No obstante, él es consciente que no sólo podrá sobrevivir de variedades australianas y Coriole también produjo su primer Picpoul (Picapoll o la Picapolla, en España) el año pasado, debido a la fuerte atracción que Mark siente por el distintivo carácter de las uvas blancas del Languedoc (Francia).

Muchos de sus vecinos del McLaren Vale están también entusiasmados con las variedades mediterráneas y cultivan además de las variedades locales otras variedades de uvas, como la tinta Mencía, una variedad española que encaja en medio de muchas uvas alternativas que incluyen Sagrantino, Vermentino y Fiano.

Promoviendo el futuro

Tales variedades se han convertido en productos muy solicitados por los viveros vitícolas, incluyendo Binjara, creado por la familia Chalmers. En el 2000, su vivero tenía 37 variedades y 70 clones.

Uno de los grandes fuertes de los Chalmers es su Vermentino, el cual se considera ideal para la seca región de Murray. En la actualidad, 60 productores elaboran dos estilos de Vermentino; uno seco y fresco con una textura firme y otro más afrutado y sabroso

Esto es sólo el principio

Algunos buscan incluso más lejos variedades de uvas poco conocidas. El director general de Jim Barry Wines, Peter Barry, probó la Assyrtiko en Santorini (Grecia) y se enamoró de su peculiar sabor. Destacando que las uvas se cultivaron en suelos pobres en condiciones ventosas y secas (solo 1200 hectáreas de Assyrtiko se cultivan en Santorini y otras pequeñas zonas de Grecia) Peter llevó unos esquejes a Australia. Estos estuvieron en cuarentena durante dos años antes de reproducirse en el vivero vitícola de Yalumba en Barossa.

En marzo del 2012 la empresa Jim Barry cultivó media hectárea de Assyrtiko en una robusta y rocosa ladera orientada al este y localizada en el viñedo que poseen en el Clare Valley.

Algunas vides se cultivan en espalderas y otras discurren a ras del suelo y se entretejen en la cima como lo hacen en Santorini, ofreciendo un círculo de protección a las uvas para que crezcan protegidas de los fuertes vientos.
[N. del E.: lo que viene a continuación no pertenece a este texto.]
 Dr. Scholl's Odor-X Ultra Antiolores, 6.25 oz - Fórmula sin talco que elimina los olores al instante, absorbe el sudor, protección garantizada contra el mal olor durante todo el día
En la actualidad tienen 1200 vides que sólo produjeron 700 litros de vino el año pasado. No obstante, Peter se siente entusiasmado con los resultados y afirma que se cultivarán 9000 vides nuevas.

Según Peter, puede parecer una apuesta arriesgada introducir el Assyrtiko, pero afirma que las uvas tienen un futuro sostenible en esa zona y que sólo por el sabor especial que se consigue merece la pena cultivarlo. También destaca que tienen que hacer frente al cambio climático y a la escasez de agua y adaptar su gestión de forma apropiada.